Aucune atteinte significative ou répétée constatée

Selon l’avis de la Cour d’appel, il n’existe pas d’atteinte pertinente à la vie privée, car les contacts visuels ne représentent que des événements spontanés et temporaires lors d’activités de loisirs infantiles. Aucune observation ciblée ou perturbation durable n’existait dans le cas particulier. Même la possibilité occasionnelle de « regarder par-dessus la clôture » ne justifie pas, selon le tribunal, un droit d’interdiction, car le comportement socialement acceptable n’a pas été dépassé.

De plus, le tribunal a souligné qu’aucune mesure de protection particulière ne peut être exigée au-delà des règles de comportement généralement acceptées dans la vie en communauté de voisinage.
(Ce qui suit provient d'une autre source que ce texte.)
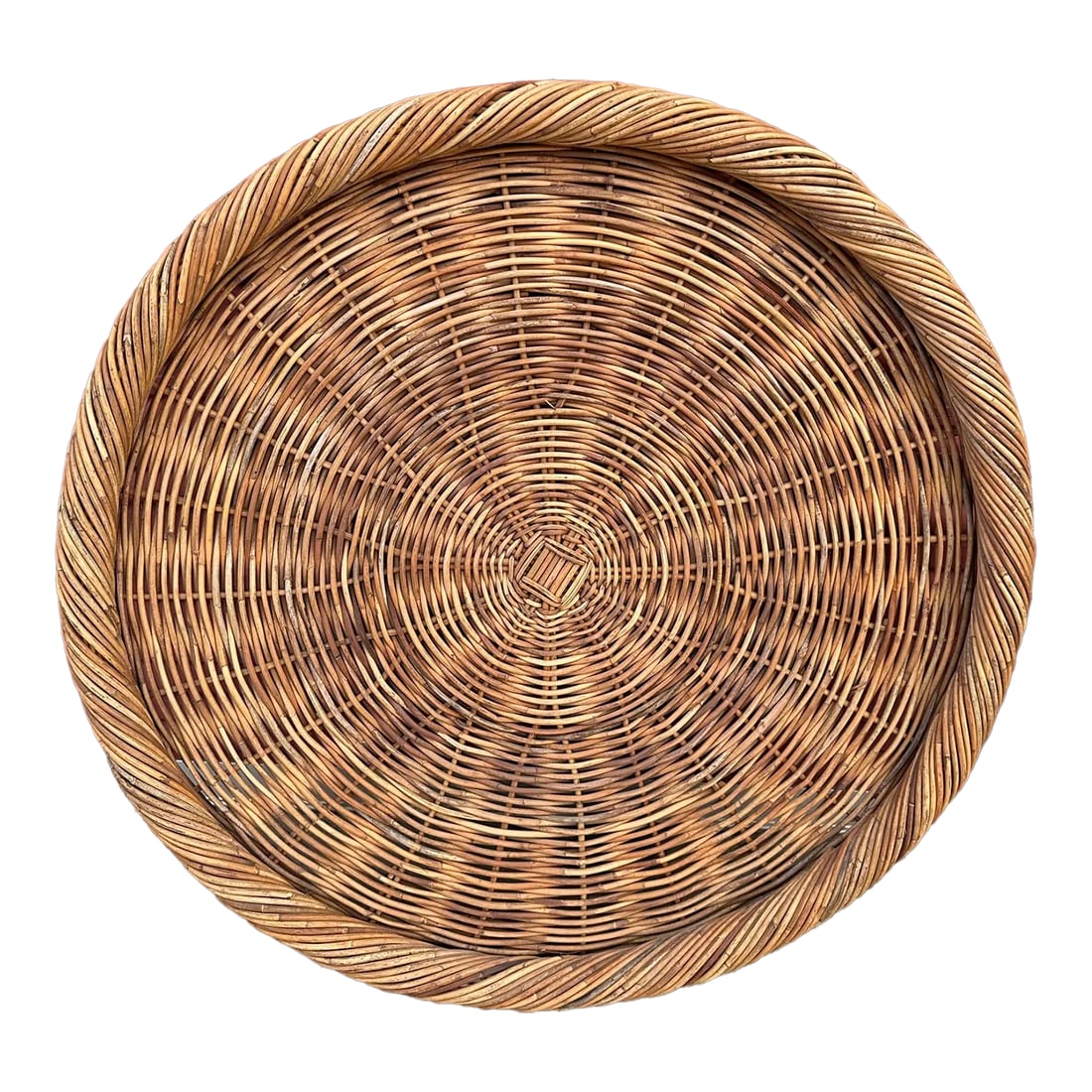 Extra Large Rustic Wicker 3ft Round Tray: Bring the rustic warmth of wicker to the table with this handwoven tray. Each lightweight piece is crafted from rattan, and sits comfortably at both casual gatherings and modern place settings. It's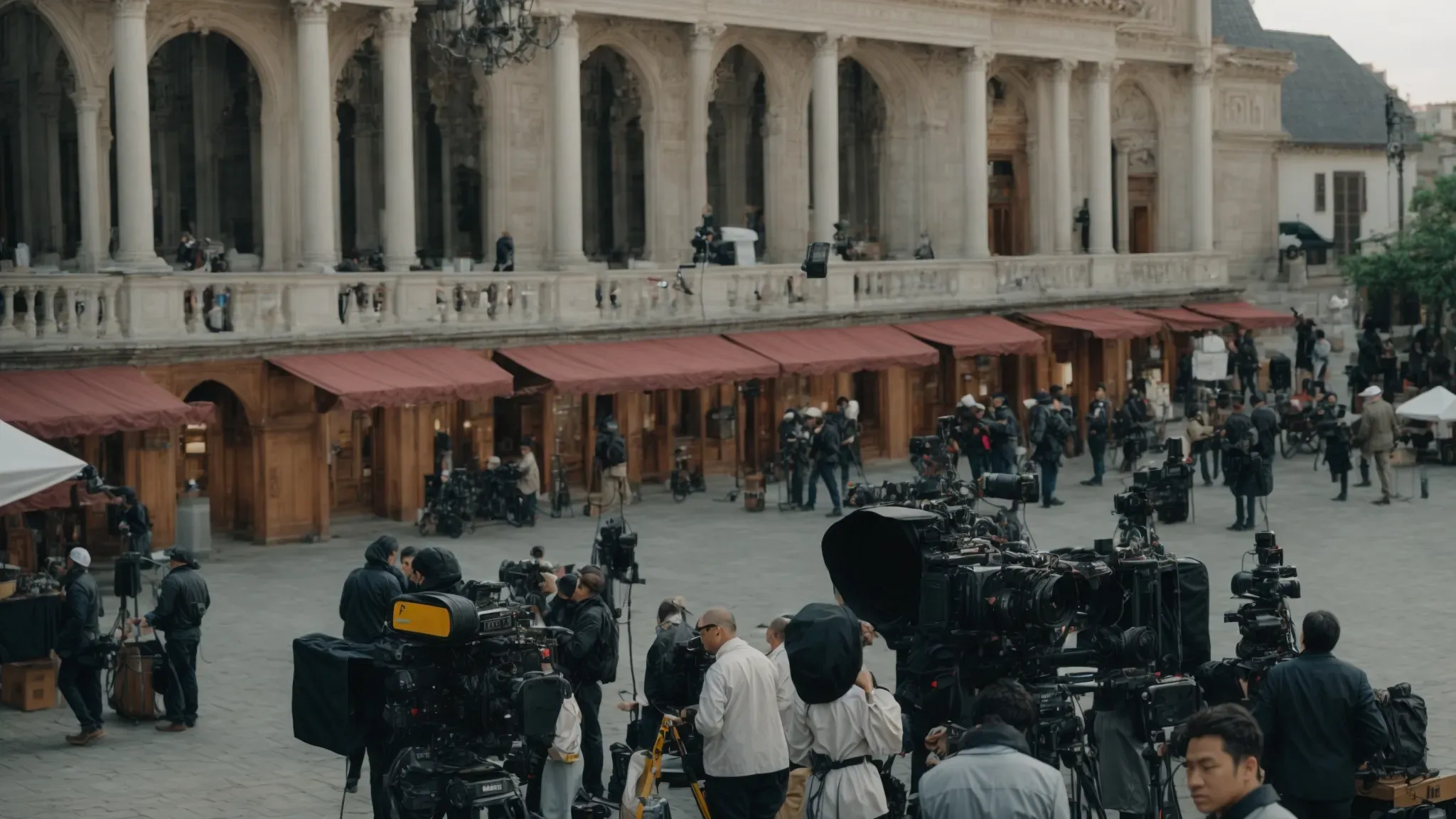 a film crew sets up equipment in a bustling foreign city square, surrounded by historic buildings.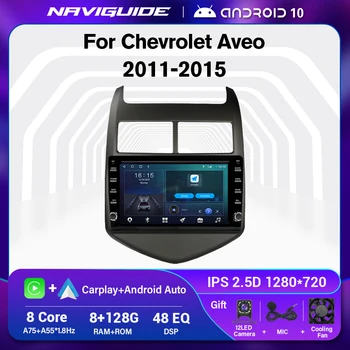NAVIGUIDE 8+128G Auto Raadio Chevrolet Aveo 2 Sonic T300 2011-2015 Android Carplay Android Auto GPS Headunit Nr 2 din 2din DVD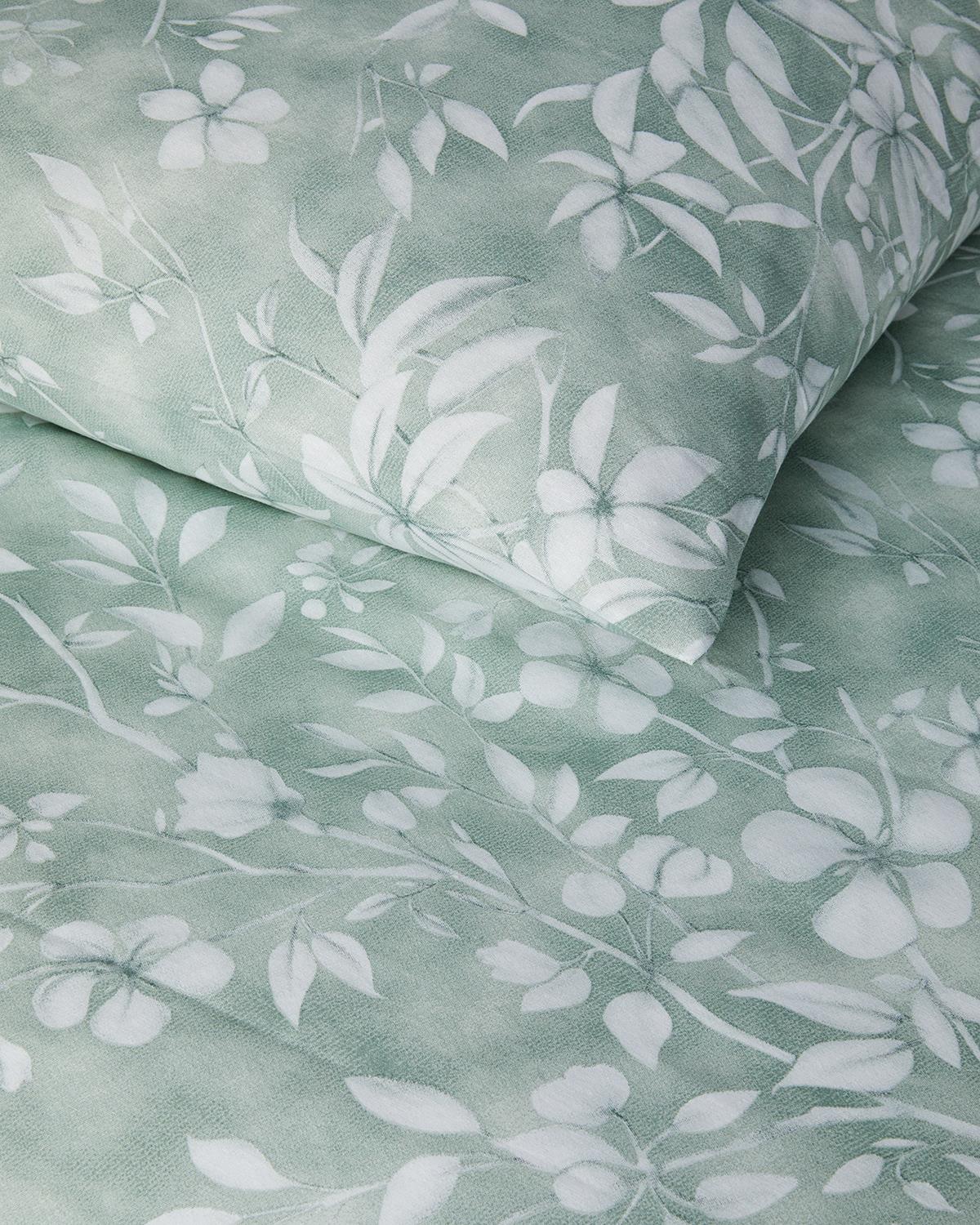 Ivy Flowers Tek Kişilik Nevresim Takımı Yeşil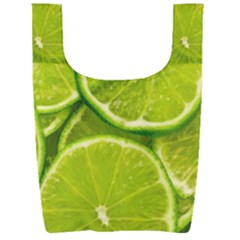 Lime Slices Close Up, Fresh, Fruit, Green Lemon Foldable Shopping Bag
Tant qu’il n’y a pas d’exploration systématique ou intentionnelle du terrain, le seuil d’inadmissibilité n’est pas atteint.

Classement et perspectives

Le jugement de la Cour d’appel de Brandebourg souligne que toute atteinte à la sphère privée dans un contexte de voisinage courant n’entraîne pas nécessairement un droit à interdiction. En particulier, les aperçus temporaires, tels que ceux générés par les jeux d’enfants sur un trampoline, ne sont pas suffisants pour justifier un droit de protection d’après la cour. La décision illustre qu’un certain degré de considération mutuelle et de tolérance est nécessaire dans les relations de voisinage.